**Exercise objective:**
In the material below, begin at the line that has "Unfortunately the whole", stop after the line that has "The Preserver is", and transcribe those lines exactly, without pictures.

**Material provided:**

....................

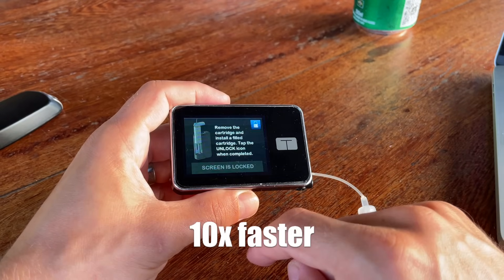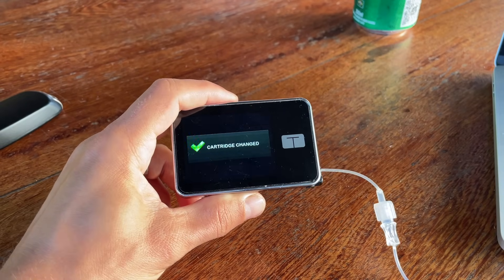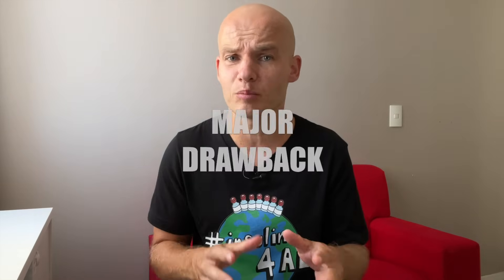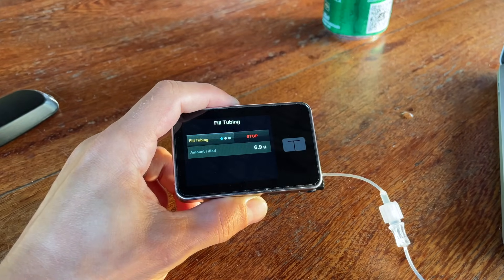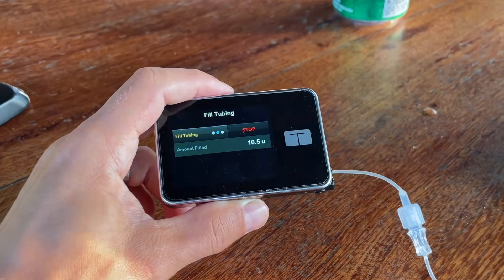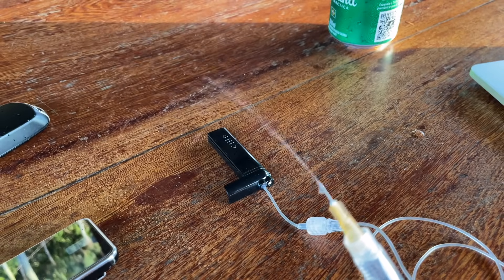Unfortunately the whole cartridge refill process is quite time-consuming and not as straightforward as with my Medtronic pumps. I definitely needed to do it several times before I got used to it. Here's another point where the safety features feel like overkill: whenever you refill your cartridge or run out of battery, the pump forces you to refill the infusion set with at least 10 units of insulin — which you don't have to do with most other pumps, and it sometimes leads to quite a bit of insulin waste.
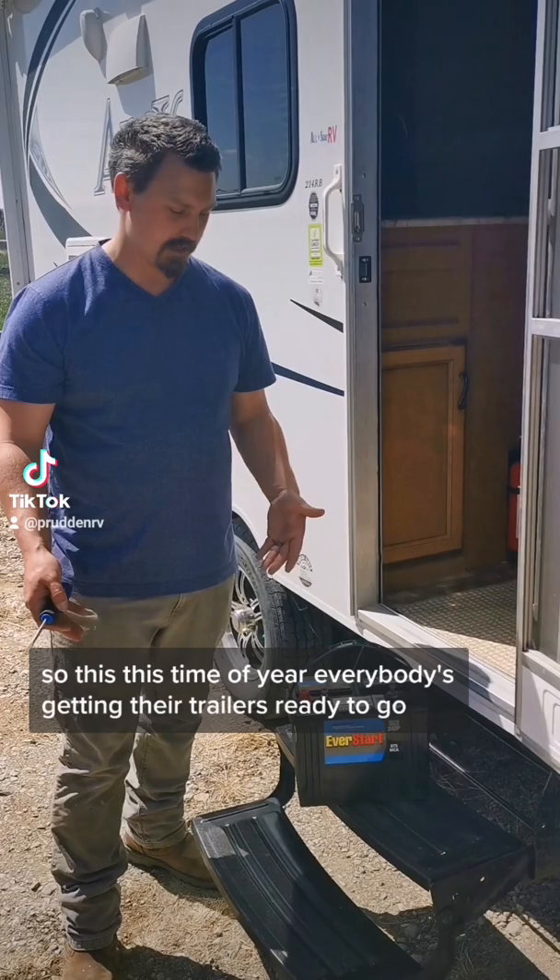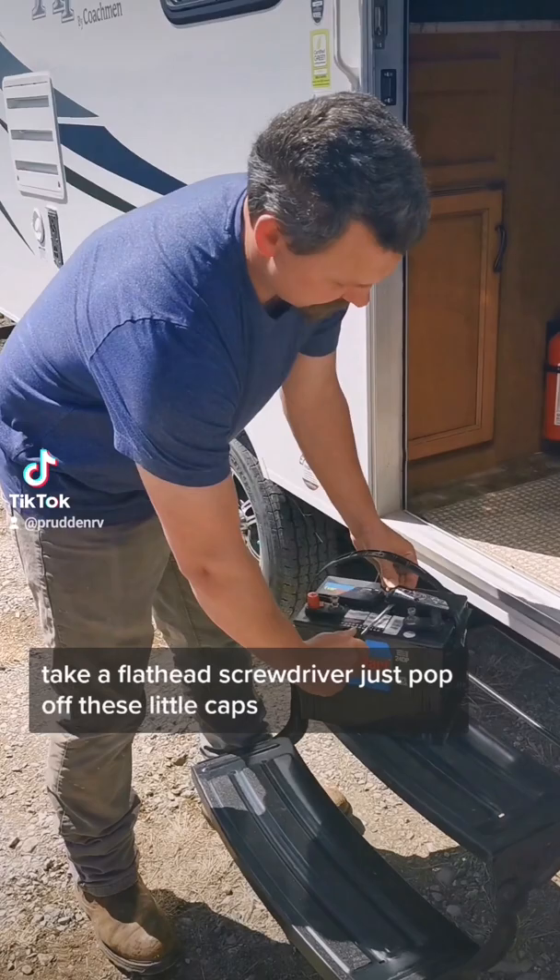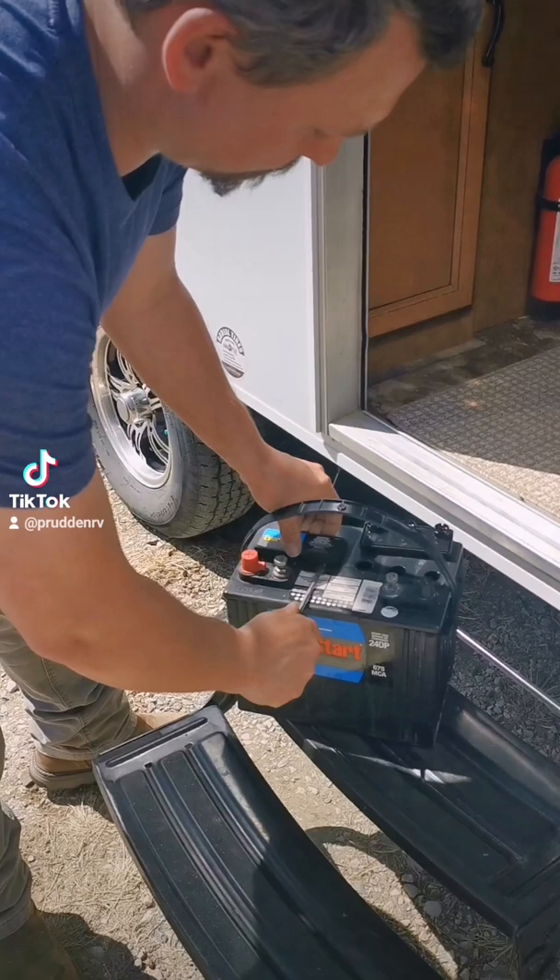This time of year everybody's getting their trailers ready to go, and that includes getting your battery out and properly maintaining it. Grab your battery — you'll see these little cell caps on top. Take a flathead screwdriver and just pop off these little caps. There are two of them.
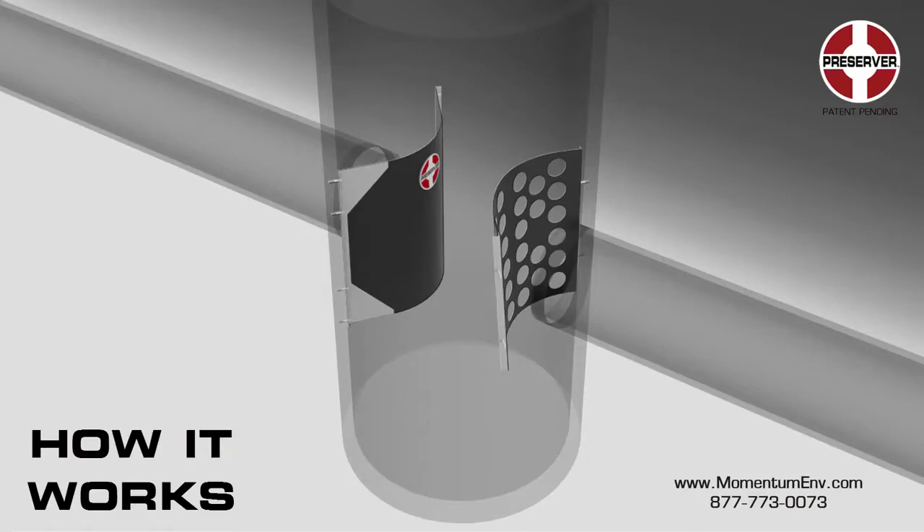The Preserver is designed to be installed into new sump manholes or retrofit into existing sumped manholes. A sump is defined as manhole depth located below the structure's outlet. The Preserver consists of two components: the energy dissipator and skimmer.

....................

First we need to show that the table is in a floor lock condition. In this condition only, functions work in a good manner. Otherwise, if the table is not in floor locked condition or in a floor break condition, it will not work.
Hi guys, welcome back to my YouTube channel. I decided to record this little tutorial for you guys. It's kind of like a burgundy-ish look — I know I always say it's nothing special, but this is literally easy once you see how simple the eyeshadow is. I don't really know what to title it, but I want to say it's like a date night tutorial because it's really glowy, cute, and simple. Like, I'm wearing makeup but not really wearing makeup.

....................

**Output:**
Unfortunately the whole cartridge refill process is quite time-consuming and not as straightforward as with my Medtronic pumps. I definitely needed to do it several times before I got used to it. Here's another point where the safety features feel like overkill: whenever you refill your cartridge or run out of battery, the pump forces you to refill the infusion set with at least 10 units of insulin — which you don't have to do with most other pumps, and it sometimes leads to quite a bit of insulin waste.
This time of year everybody's getting their trailers ready to go, and that includes getting your battery out and properly maintaining it. Grab your battery — you'll see these little cell caps on top. Take a flathead screwdriver and just pop off these little caps. There are two of them.
The Preserver is designed to be installed into new sump manholes or retrofit into existing sumped manholes. A sump is defined as manhole depth located below the structure's outlet. The Preserver consists of two components: the energy dissipator and skimmer.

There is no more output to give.